### Exercise material
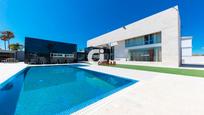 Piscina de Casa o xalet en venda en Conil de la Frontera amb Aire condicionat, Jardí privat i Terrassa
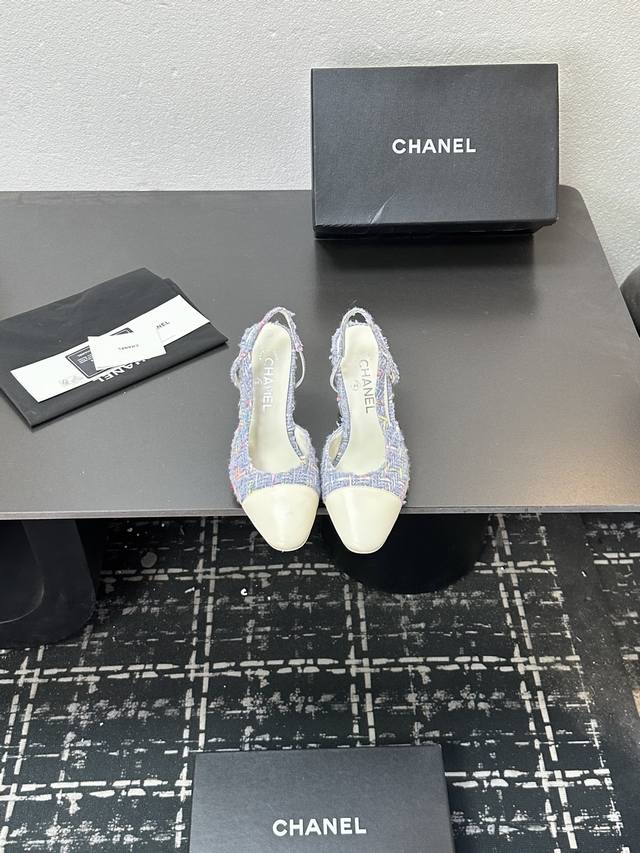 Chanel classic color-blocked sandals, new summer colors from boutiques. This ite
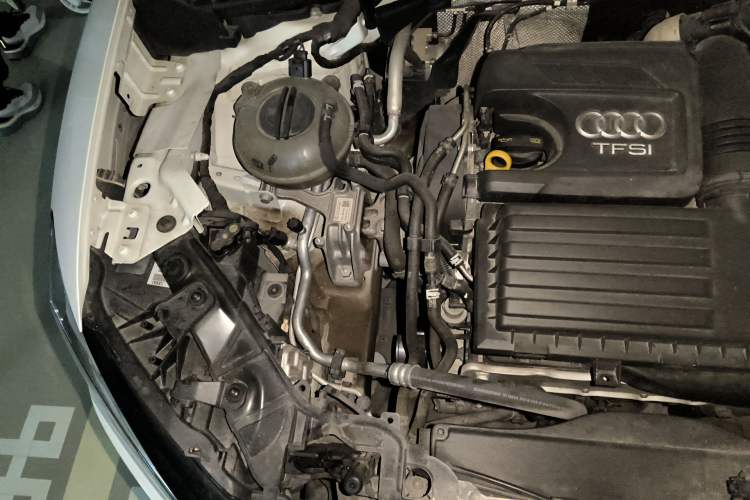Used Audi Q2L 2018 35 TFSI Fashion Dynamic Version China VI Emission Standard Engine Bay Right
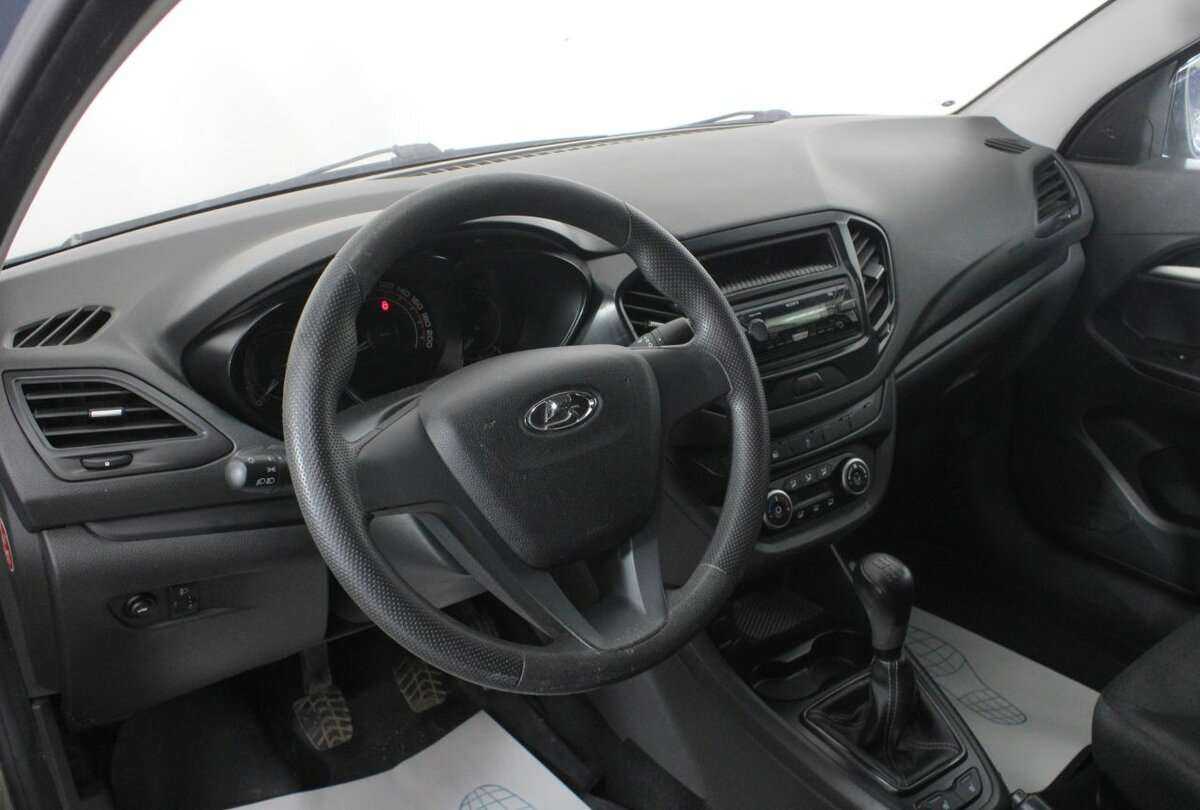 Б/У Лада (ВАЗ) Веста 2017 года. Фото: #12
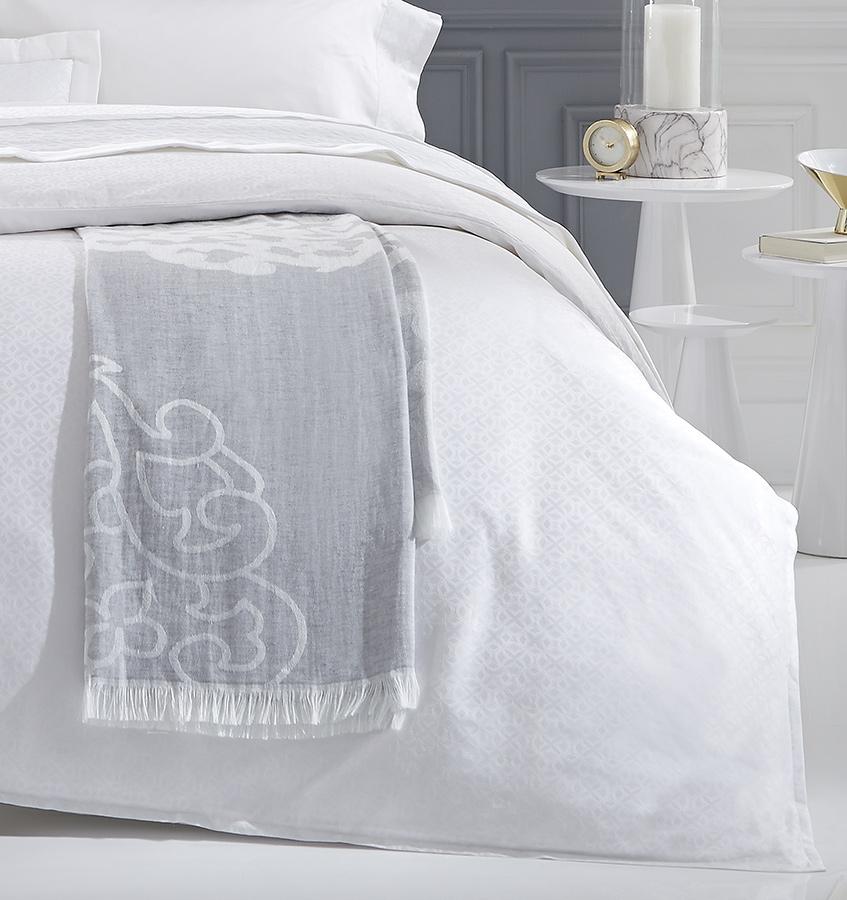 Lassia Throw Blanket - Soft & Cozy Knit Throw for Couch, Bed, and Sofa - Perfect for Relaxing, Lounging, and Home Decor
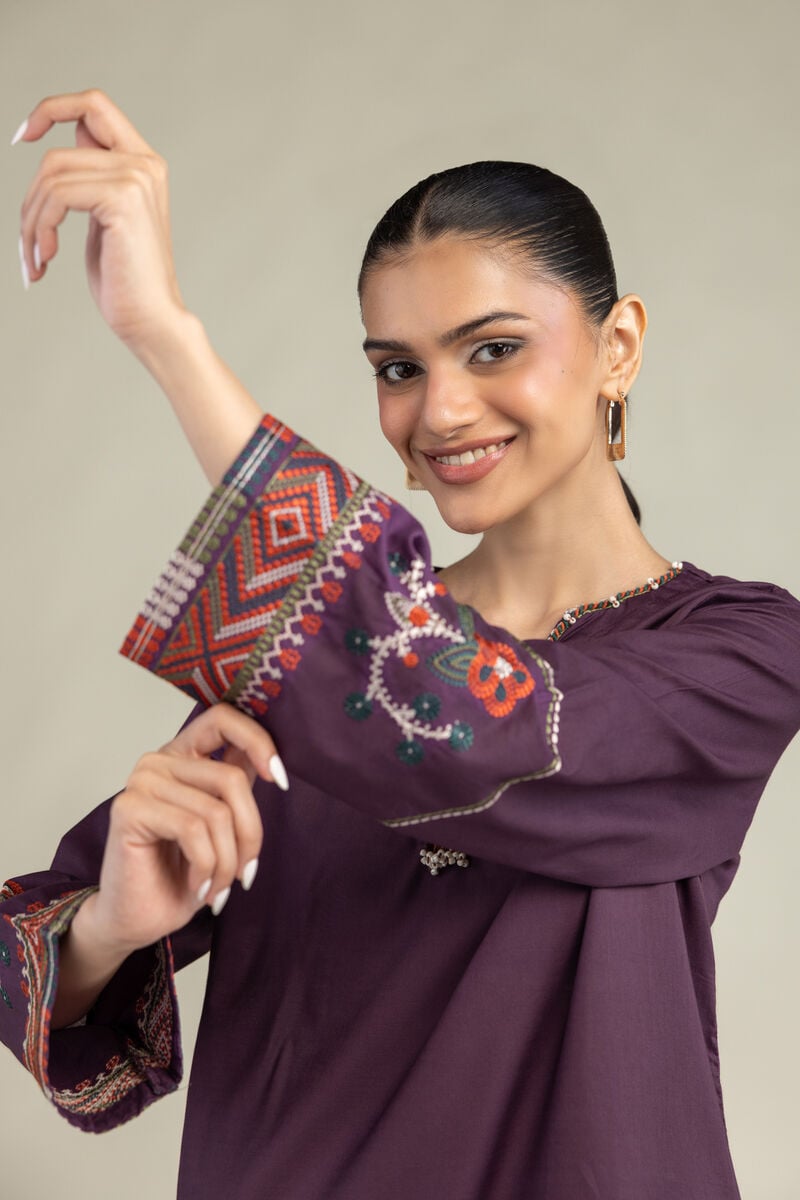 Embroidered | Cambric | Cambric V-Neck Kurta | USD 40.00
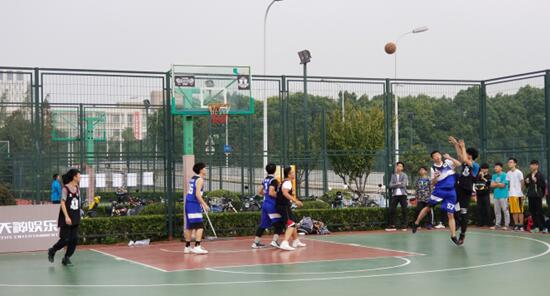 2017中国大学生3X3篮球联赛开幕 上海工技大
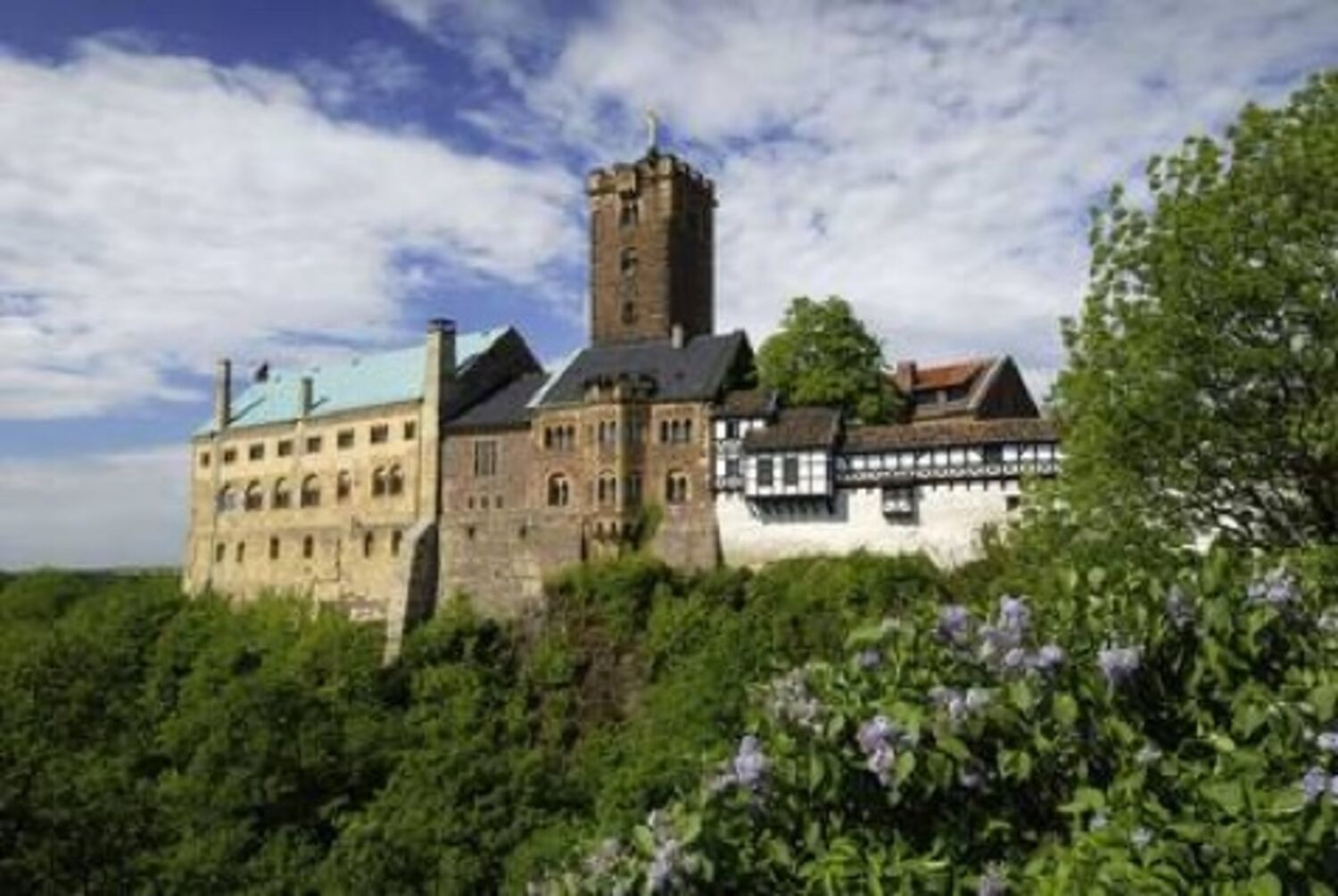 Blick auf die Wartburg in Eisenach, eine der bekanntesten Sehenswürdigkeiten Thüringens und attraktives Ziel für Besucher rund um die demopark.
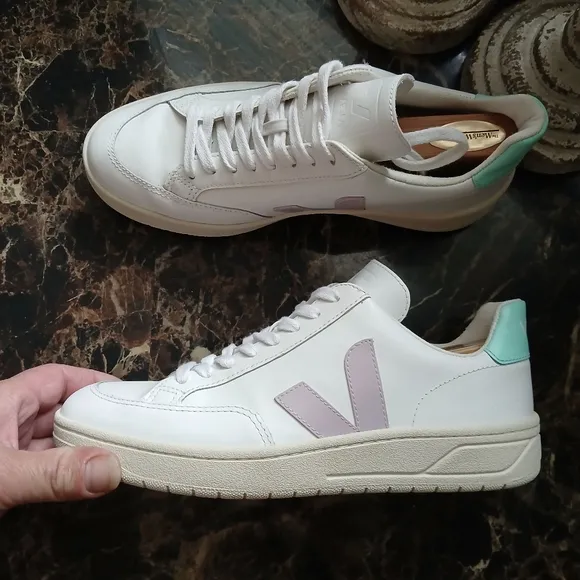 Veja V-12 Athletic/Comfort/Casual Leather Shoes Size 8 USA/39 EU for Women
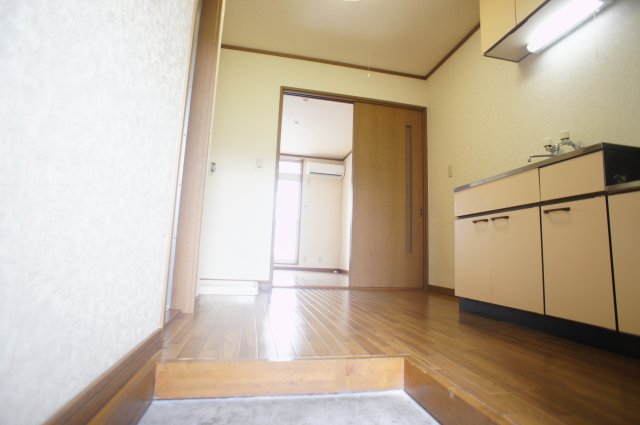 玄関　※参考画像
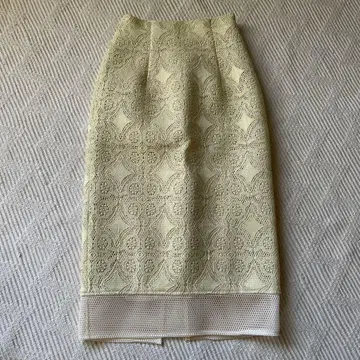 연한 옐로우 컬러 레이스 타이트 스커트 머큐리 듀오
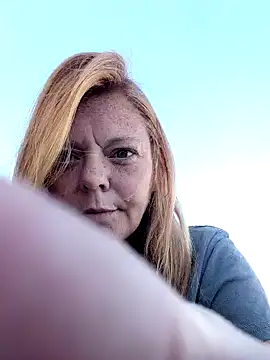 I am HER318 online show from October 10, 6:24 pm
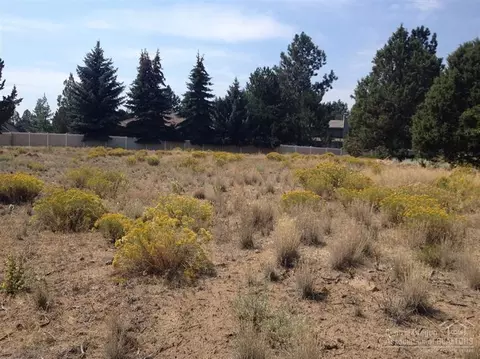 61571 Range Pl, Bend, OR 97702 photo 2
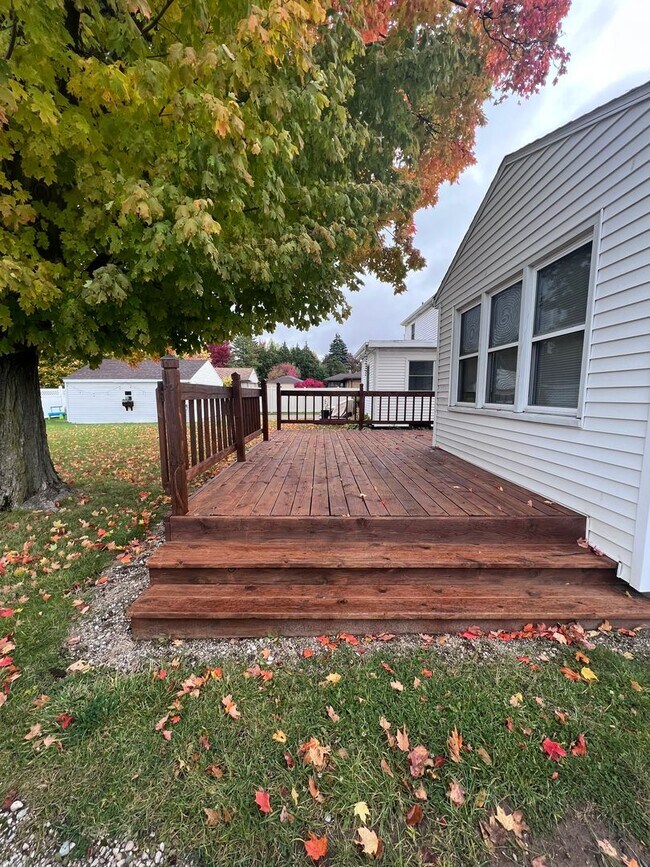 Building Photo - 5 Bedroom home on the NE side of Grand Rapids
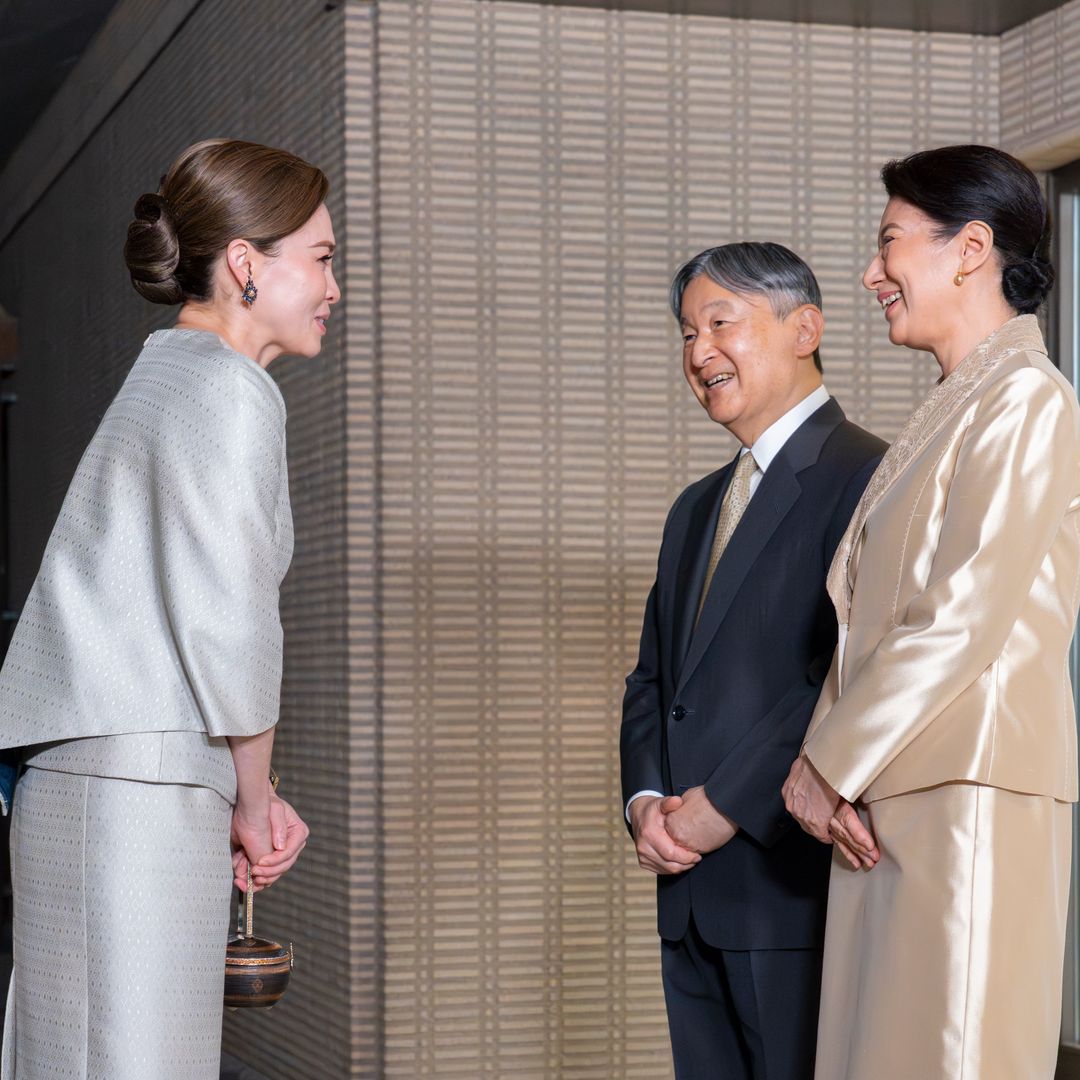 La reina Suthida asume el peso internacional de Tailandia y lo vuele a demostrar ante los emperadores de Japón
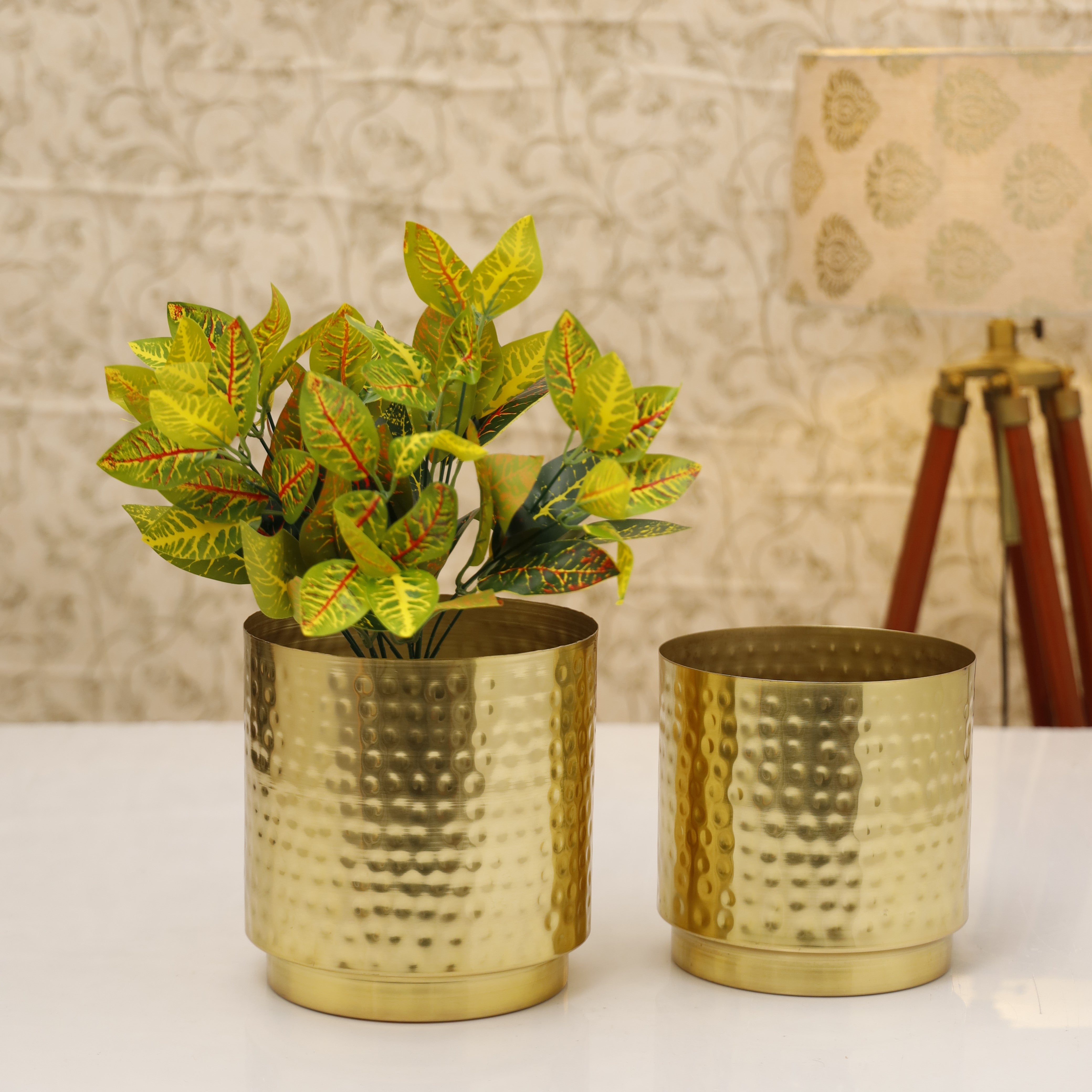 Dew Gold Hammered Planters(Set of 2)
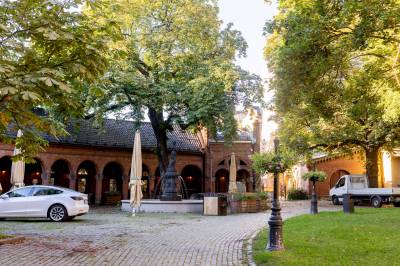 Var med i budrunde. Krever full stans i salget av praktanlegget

### Task objective
The material above is to be transcribed exactly, with its images omitted.

### Result of this exercise
 Piscina de Casa o xalet en venda en Conil de la Frontera amb Aire condicionat, Jardí privat i Terrassa
 Chanel classic color-blocked sandals, new summer colors from boutiques. This ite
Used Audi Q2L 2018 35 TFSI Fashion Dynamic Version China VI Emission Standard Engine Bay Right
 Б/У Лада (ВАЗ) Веста 2017 года. Фото: #12
 Lassia Throw Blanket - Soft & Cozy Knit Throw for Couch, Bed, and Sofa - Perfect for Relaxing, Lounging, and Home Decor
 Embroidered | Cambric | Cambric V-Neck Kurta | USD 40.00
 2017中国大学生3X3篮球联赛开幕 上海工技大
 Blick auf die Wartburg in Eisenach, eine der bekanntesten Sehenswürdigkeiten Thüringens und attraktives Ziel für Besucher rund um die demopark.
 Veja V-12 Athletic/Comfort/Casual Leather Shoes Size 8 USA/39 EU for Women
 玄関　※参考画像
 연한 옐로우 컬러 레이스 타이트 스커트 머큐리 듀오
 I am HER318 online show from October 10, 6:24 pm
 61571 Range Pl, Bend, OR 97702 photo 2
 Building Photo - 5 Bedroom home on the NE side of Grand Rapids
 La reina Suthida asume el peso internacional de Tailandia y lo vuele a demostrar ante los emperadores de Japón
 Dew Gold Hammered Planters(Set of 2)
 Var med i budrunde. Krever full stans i salget av praktanlegget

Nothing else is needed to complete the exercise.